## Properties of the p-power map on abelian groups

Let $p$ be a prime and let $A = \langle x_1 \rangle \times \cdots \times \langle x_n \rangle$ be an abelian $p$-group, where $|x_i| = p^{\alpha_i} > 1$ for each $i$. Define the $p$th-power map $\varphi : A \rightarrow A$ by $\varphi(x) = x^p$.

1. Prove that $\varphi$ is a homomorphism.
2. Describe the image and kernel of $\varphi$ in terms of the generators $x_i$.
3. Prove that both $\mathsf{ker}\ \varphi$ and $A/\mathsf{im}\ \varphi$ have rank $n$ (i.e. the same rank as $A$ and prove that these groups are both isomorphic to the elementary abelian group $E_{p^n}$.

Without loss of generality, $A$ has type $(\alpha_1,\alpha_2,\ldots,\alpha_n)$.

1. Let $x,y \in A$ be arbitrary. By this previous exercise, $\varphi(xy) = (xy)^p = x^py^p = \varphi(x)\varphi(y)$. Thus $\varphi$ is a homomorphism.
2. First we show that $\mathsf{ker}\ \varphi = \prod_{i=1}^n \langle x_i^{p^{\alpha_i - 1}} \rangle$.

$(\subseteq)$ Suppose $\prod a_i \in \mathsf{ker}\ \varphi$. Now $\prod a_i = \prod x_i^{q_i}$ for some $q_i$, and $\varphi(\prod a_i) = 1$, so that $x_i^{q_ip} = 1$ for each $i$. Thus $|x_i| = p^{\alpha_i}$ divides $q_ip$. We have $q_i = mp^{\alpha_i - 1}$ for some $m$, so that $a_i \in \langle x_i^{p^{\alpha_i - 1}} \rangle$ for each $i$; hence $\prod a_i \in \prod_{i=1}^n \langle x_i^{p^{\alpha_i - 1}} \rangle$.

$(\supseteq)$ If $\prod a_i \in \prod_{i=1}^n \langle x_i^{p^{\alpha_i - 1}} \rangle$, we have $a_i = x_i^{mp^{\alpha_i - 1}}$ for some $m$, for each $i$. Then $a_i^p = 1$, so that $(\prod a_i)^p = 1$, hence $\prod a_i \in \mathsf{ker}\ \varphi$.

Now we show that $\mathsf{im}\ \varphi = \prod_{i=1}^n \langle x_i^p \rangle$.

$(\subseteq)$ Suppose $\prod a_i \in \mathsf{im}\ \varphi$. Then there exists $\prod b_i \in \prod_{i=1}^n \langle x_i \rangle$ with $\varphi(\prod b_i) = \prod a_i$. Now $\prod b_i = \prod x_i^{m_i}$ for some $m$ for each $i$, so that $a_i = x_i^{m_ip}$. Thus $a_i \in \langle x_i^p \rangle$, hence $\prod a_i \in \prod_{i=1}^n \langle x_i^p \rangle$.

$(\supseteq)$ Suppose $\prod a_i \in \prod_{i=1}^n \langle x_i^p \rangle$. Then for each $i$, there exists $m_i$ with $a_i = x_i^{pm_i}$. Clearly then $\varphi(\prod x_i^{m_i}) = \prod a_i$, so that $\prod a_i \in \mathsf{im}\ \varphi$.

3. We begin with some lemmas.

Lemma 1: Let $P = \langle x \rangle$ be a cyclic $p$-group of order $p^\alpha > 1$, and let $\varphi : P \rightarrow P$ denote the $p$-power map.
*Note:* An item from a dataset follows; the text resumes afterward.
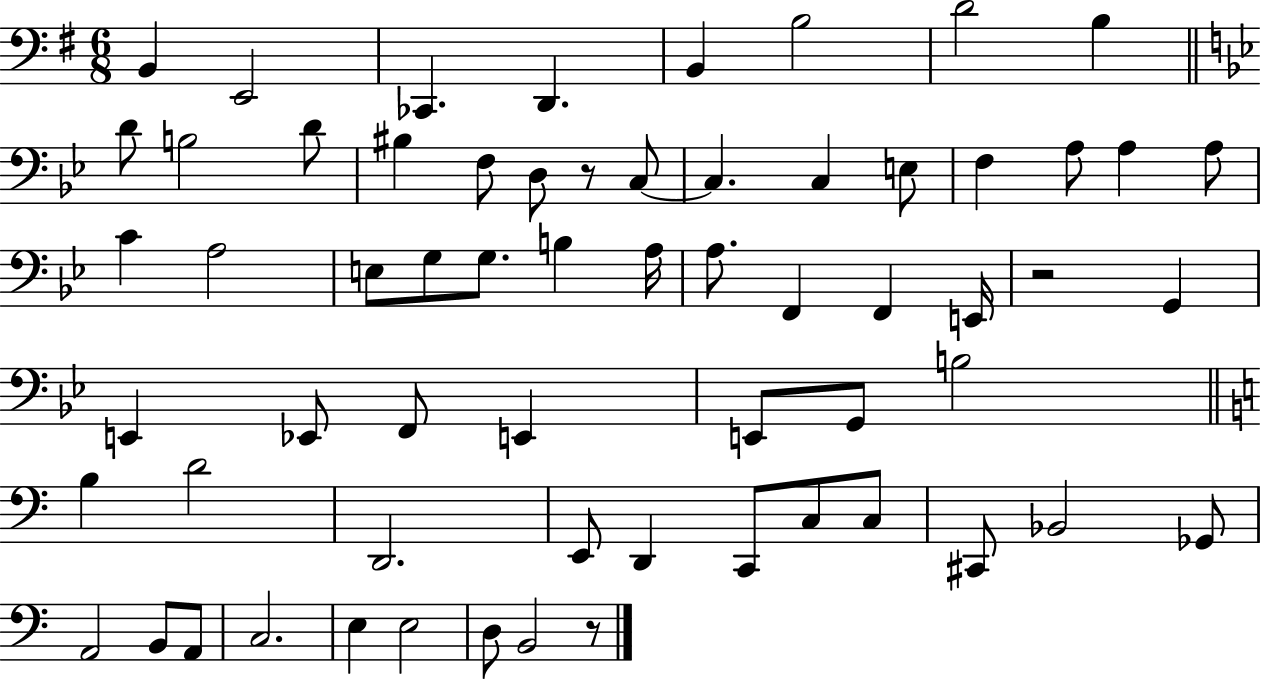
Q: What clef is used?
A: bass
Then $\mathsf{ker}\ \varphi \cong P/\mathsf{im}\ \varphi \cong Z_p$. Proof: By the above argument, $\mathsf{ker}\ \varphi = \langle x^{p^{\alpha-1}} \rangle$ and $\mathsf{im}\ \varphi = \langle x^p \rangle$. By this previous exercise, $|\mathsf{ker}\ \varphi| = p$ and $|\mathsf{im}\ \varphi| = p^{\alpha-1}$, so that by Lagrange, $|P/\mathsf{im}\ \varphi| = p$. Now $\mathsf{ker}\ \varphi$ and $P/\mathsf{im}\ \varphi$ are both cyclic, hence $\mathsf{ker}\ \varphi \cong P/\mathsf{im}\ \varphi \cong Z_p$. $\square$

Lemma 2: Let $A_i$ be an abelian group, $n$ an integer, let $\varphi_i : A_i \rightarrow A_i$ denote the $n$-power map, let $A = \prod_I A_i$, and let $\varphi : A \rightarrow A$ denote the $n$-power map. Then $\varphi = \prod_I \varphi_i$. Proof: If $\prod a_i \in A$, then $\varphi(\prod a_i) = (\prod a_i)^n$ $\prod a_i^n$ $\prod \varphi_i(a_i)$ $(\prod_I \varphi_i)(\prod a_i)$. $\square$

Now to the main result.

Note that $\mathsf{ker}\ \varphi = \mathsf{ker}\ \prod_{i=1}^n \varphi_i$ $= \prod_{i=1}^n \mathsf{ker}\ \varphi_i$ $= \prod_{i=1}^n Z_p$.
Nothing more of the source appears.